* [DATA UNDER STUDY]:
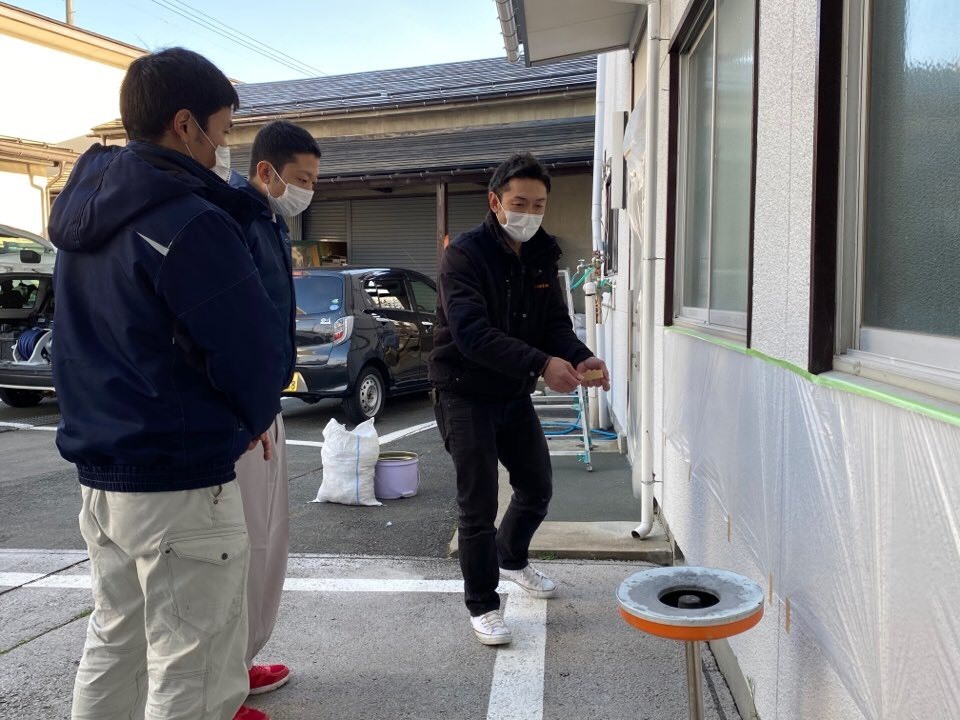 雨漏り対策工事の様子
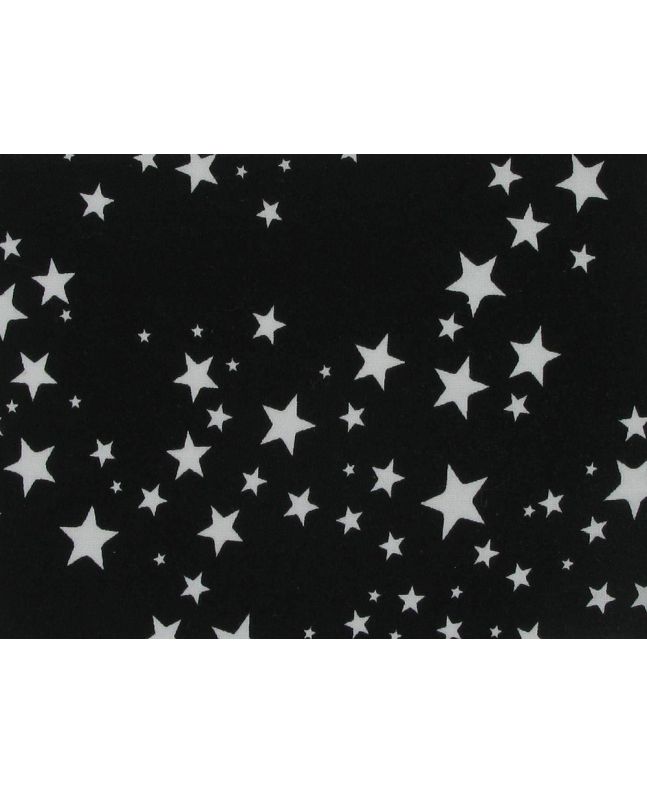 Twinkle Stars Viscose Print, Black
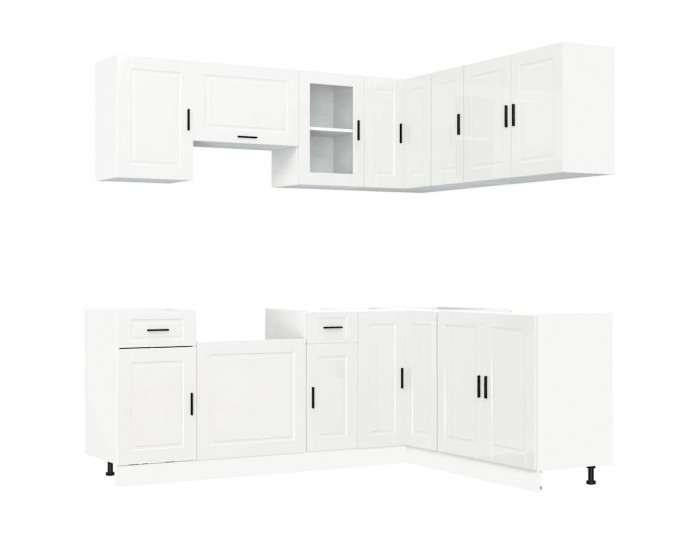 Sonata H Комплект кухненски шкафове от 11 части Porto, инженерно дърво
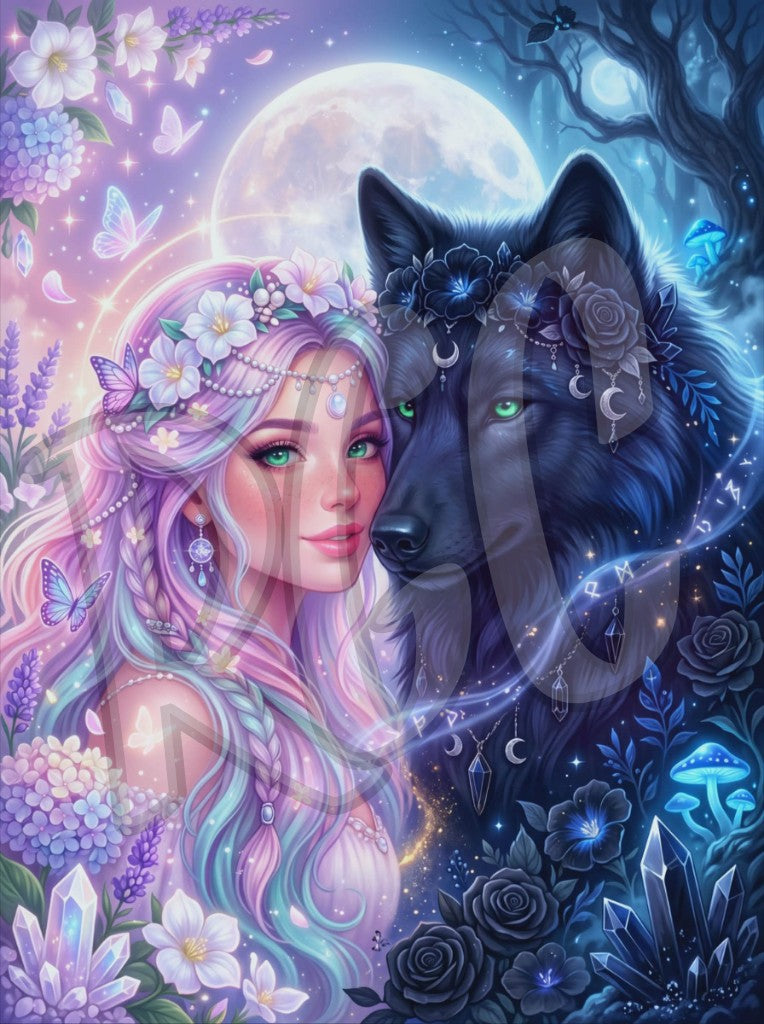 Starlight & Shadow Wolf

--

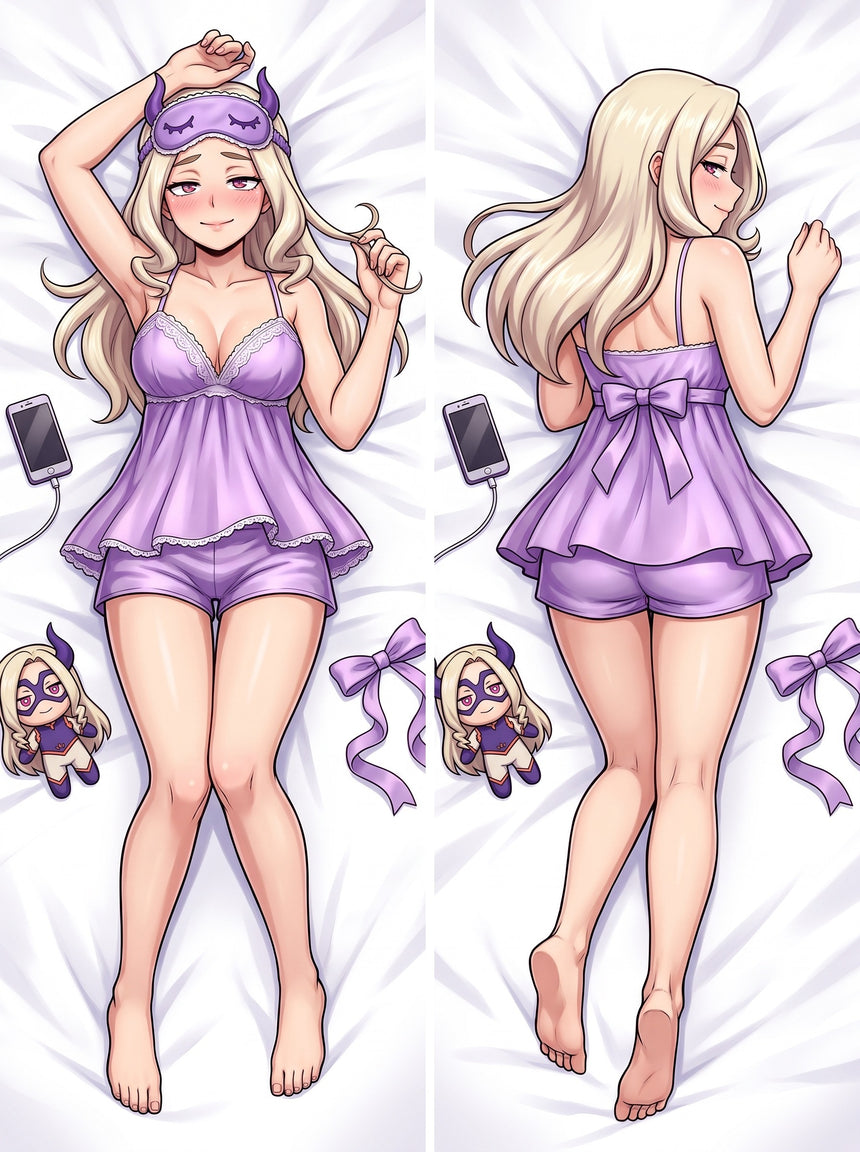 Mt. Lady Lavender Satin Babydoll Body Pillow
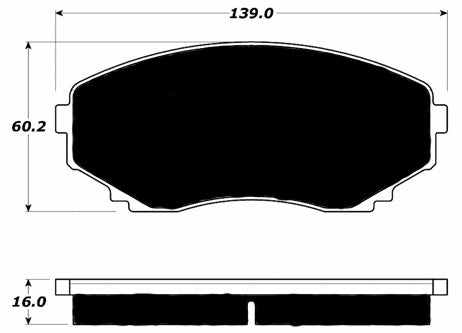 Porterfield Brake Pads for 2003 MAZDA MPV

* [WHAT IS BEING ASKED]:
Please repeat, exactly as written, the lines in the records above, starting with the one that has "Sonata H Комплект" and going on through the one that has "Starlight & Shadow Wolf". Pictures are to be left out.

* [EXERCISE RESULT]:
 Sonata H Комплект кухненски шкафове от 11 части Porto, инженерно дърво
 Starlight & Shadow Wolf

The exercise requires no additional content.